Tens of thousands of demonstrators turned out in France on Sunday to show support for the government's plans to legalise gay marriage and adoption.
Organisers said 150,000 people gathered in Paris at the Place de la Bastille for the "demonstration for equality". Police said 60,000 took part.
They have called for another demo on January 27, two days before the French parliament is to debate the gay marriage bill.
Several elected officials wearing their tri-coloured sashes could be seen alongside parents pushing strollers and children with multi-coloured balloons at Sunday's event.
Carrying banners reading "Equal rights are not a threat" and "The right for all to choose", demonstrators urged the government to push ahead with the reform.
"I think marriage is good for everyone!" said 10-year-old Arthur, at the rally with his eight-year-old sister Lola and their two mothers.
One of them, Christelle, said it was unfortunate that the debate over gay marriage in France had turned ugly in recent months.
"For the first time our children have experienced homophobia that shocked them," she said, adding that this only "makes me want to fight even harder for gay marriage".

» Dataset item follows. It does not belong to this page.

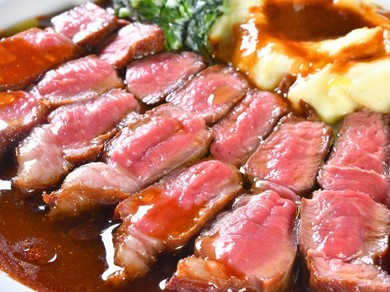 アンガスハーフポンドステーキ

Several thousand people took to the streets of the southwestern city of Toulouse to protest homophobia and call for equal rights for gays.
And rallies drawing thousands were held in other French cities including Marseille, Lyon and Nantes on Saturday to back the reform.

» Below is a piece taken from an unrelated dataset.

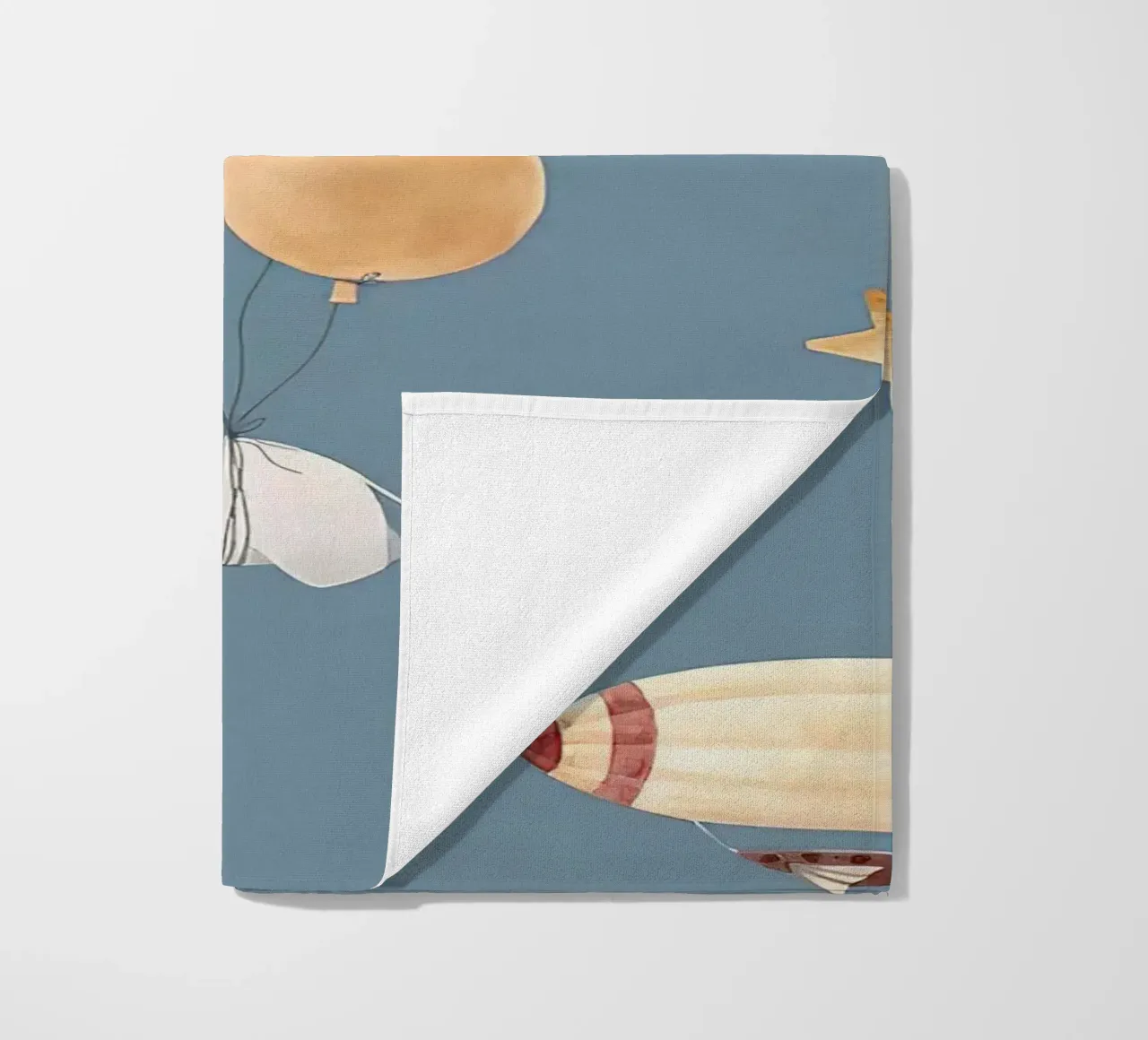 Fliegende Objekte Strandtuch von Emil Art Studio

France's parliament is to debate the government-backed "marriage for all" bill early next year.
With President Francois Hollande's Socialists enjoying a strong majority, the bill is expected to pass despite vehement opposition from the right and religious groups.
Mass opposition marches took place across the country last month to denounce the bill, and opponents, including some prominent Church leaders, have said gay marriage will open the door to polygamy and incest.
Another protest against the bill has been called for January 13.
A nationwide poll by firm IFOP released on Saturday showed 60 percent of respondents in favour of legalising gay marriage and 46 percent backing adoptions by same-sex couples.
At a demonstration in Toulouse by anti-gay protesters on November 17, police used tear gas to separate them from demonstrators supporting same-sex marriage.
Meanwhile in Vatican City on Sunday, gay rights campaigners held a small protest near St Peter's Square during Pope Benedict XVI's weekly prayers after the pontiff said legalising gay marriage threatened the institution of marriage.
Around 15 activists held up colourful paper hearts with various slogans written on them such as "Gay Marriage", "Love Has No Barriers", "Talk About Love", "Homophobia = Death" and "Marry Peace!"
One of the hearts read "Love Thy Neighbour".
The protesters were prevented from accessing St Peter's Square, which was packed with tens of thousands of faithful to hear the pope recite the Angelus on the third Sunday of Advent.
On Friday, in a message intended for World Peace Day on January 1, the pope reiterated the Catholic Church's position against gay marriage.
He called for promotion of "the natural structure of marriage as the union of a man and a woman in the face of attempts to make it juridically equivalent to radically different types of union.
"Such attempts actually harm and help to destabilise marriage, obscuring its specific nature and its indispensable role in society," he said.